Pero en beneficio de los de sangre azul y antes que nada, debo decir que deben estar orgullosos de casi todos sus jugadores, sobre todo de aquellos que con sus declaraciones no los convierten en víctimas perfectas de las burlas de sus compañeros de trabajo. Su equipo llegó mucho más lejos de lo que se esperaba, no solo por sus falencias técnicas, especialmente en defensa, donde coincidencialmente manda Cichero, sino por el pasado financieramente turbulento de una empresa que fue desordenada y corrupta. Deben mejorar muchas cosas si quieren ser campeones, pero principalmente, deben entender que, como supongo decía mi abuela, la lengua es el peor azote de aquello que Shakira le menea todas las noches a Piqué, y no a Cichero, que creo que no clasifica ni a Marbelle.

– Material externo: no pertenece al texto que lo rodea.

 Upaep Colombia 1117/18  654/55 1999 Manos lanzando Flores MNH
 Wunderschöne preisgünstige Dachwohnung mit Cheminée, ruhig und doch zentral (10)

Aunque ahora que lo pienso, creo que el central venezolano se refería, al hacer su ya célebre símil, al Barcelona de Guayaquil, que marcha noveno en un torneo con doce equipos, y que este año solo ha ganado la cuarta parte de los partidos que ha disputado. Si eso es así, pido excusas públicas y de manera anticipada a todos los hinchas colombianos, venezolanos, ecuatorianos y catalanes, que se hayan podido molestar por mis comentarios desobligantes, y desde cualquier punto de vista exagerados.